AND STILL THE KILLER WALKS FREE
Six months ago this week the wife of a Detective Superintendent was gunned down and murdered in Bath's elegant Royal Victoria Park, within view of the world-famous Royal Crescent. The most intensive investigation ever mounted in the city has so far failed to find the killer of Stephanie Diamond. In this special report, we examine the conduct of the inquiry and get the views of two of the principal men involved: Detective Chief Inspector Curtis McGarvie, who leads the investigation, and Detective Superintendent Peter Diamond, the victim's husband.
On Shrove Tuesday morning, last February 23rd, at 8.15, Peter Diamond kissed his wife Stephanie goodbye and drove to work as usual. It was the day in the week when Mrs Diamond caught up with household chores and shopping. On other days she worked as a volunteer in the Oxfam shop. That morning she was her usual cheerful self and showed no sign of stress. She didn't mention any arrangement to meet anyone, or visit the park, although a note was later found in her diary apparently fixing a meeting with someone she called 'T'. About 10.15, two shots were heard close to the Charlotte Street Car Park. An unemployed man walking his dog on the far side of the park heard the shots and presently found a woman's body in Crescent Gardens, beside the Victorian bandstand. Two bullets had been fired into her head at point-blank range.

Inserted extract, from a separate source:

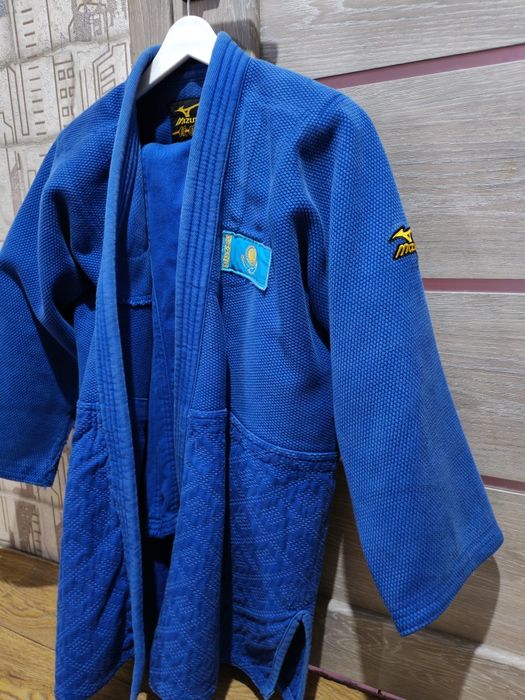 Продаю:  mizuno  кимано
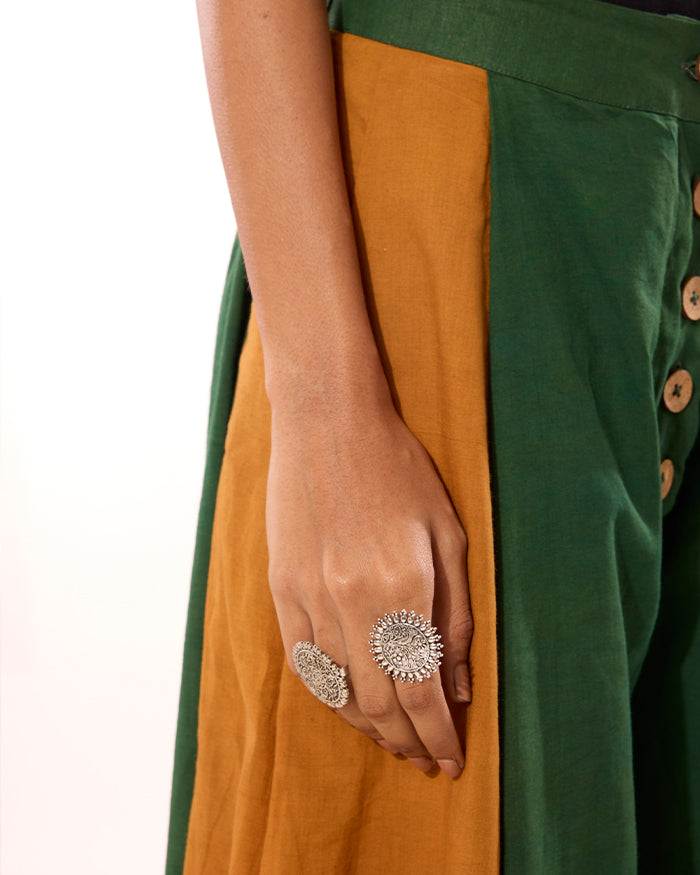 Vaagai Color Block Pleated Pants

Peter Diamond, the head of Bath's murder squad, arrived at the scene within a short time of the shooting, before anyone had identified the victim. One of several distressing features of this case is that he himself recognised the dead woman as his own wife. In spite of repeated appeals for witnesses, nobody appears to have seen the shooting. Police believe the gunman must have escaped through the car park, and video footage from the security cameras has been examined without any helpful result. A number of reports of drivers leaving around the time of the shooting have so far proved unhelpful. Eleven detectives and five civilians are working full-time on the case, which is believed to have cost three-quarters of a million pounds already.

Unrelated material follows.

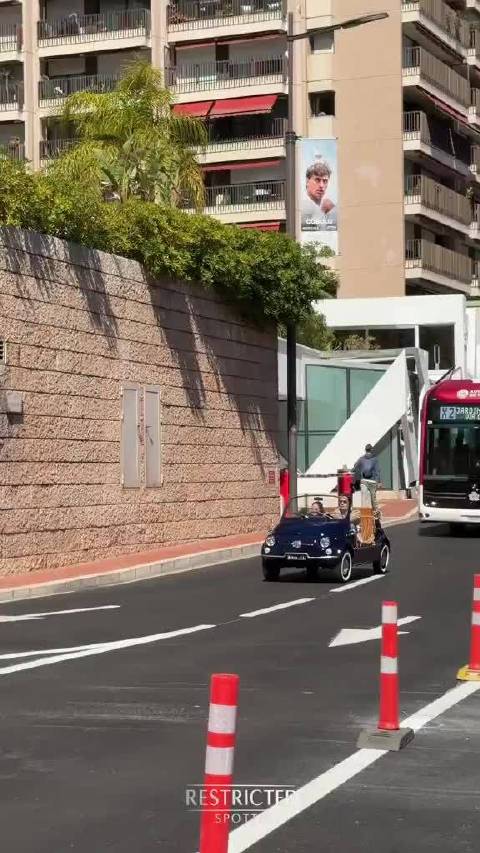拉塞尔驾驶菲亚特500 Jolly亮相摩纳哥街道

The SIO (Senior Investigating Officer), DCI McGarvie, has appeared on Crimewatch and Police Five appealing to the public for assistance. A reconstruction was staged at the scene of the crime with a policewoman dressed in similar clothes to the victim. 'There was a huge response from the television audience,' the Chief Inspector told our reporter, 'and we fed every piece of information into our database, but we still lack the crucial evidence that will identify the killer.' McGarvie is convinced there are people who know someone who acted suspiciously at the time of the murder, and he urges them to get in touch as soon as possible.
THEORIES
Sitting in the incident room surrounded by photos of the victim, in life and in death, and a computer-generated map of the crime scene, DCI McGarvie outlined the main theories his team have so far produced:
1. The killer acted under instructions from someone in the underworld with a grudge against Det. Supt. Diamond. As a murder squad detective in the Metropolitan Police and Bath CID, Peter Diamond has been responsible for many convictions over a twenty-three-year career. The problem with this theory is that a criminal bent on revenge is more likely to attack the officer who put him away than his wife.
2. The killer was hired by the wife or girlfriend of a convicted man. It is felt that an embittered woman might have ordered the killing in revenge for the loss of her own partner.
3. The wife or girlfriend of a convicted man fired the fatal shots herself as an act of revenge. Such a woman with underworld connections might have access to a firearm, though shootings by women are rare.
4. Stephanie Diamond, an attractive woman looking some years younger than her age of 43, was shot by some obsessive person or stalker, a 'loner' who believed she stood in the way of their fantasies. Stalkers have been known to 'punish' the women they idolise for what they see as infidelity.
5. The 'T' mentioned in her diary was trying to blackmail Mrs Diamond about some secret, or supposed secret, in her past and killed her in frustration when she refused to pay up.
6. The killing was a mugging that went wrong. The killer drew a gun. Mrs Diamond resisted, or even fought back. The first shot was accidental and the second was fired in panic.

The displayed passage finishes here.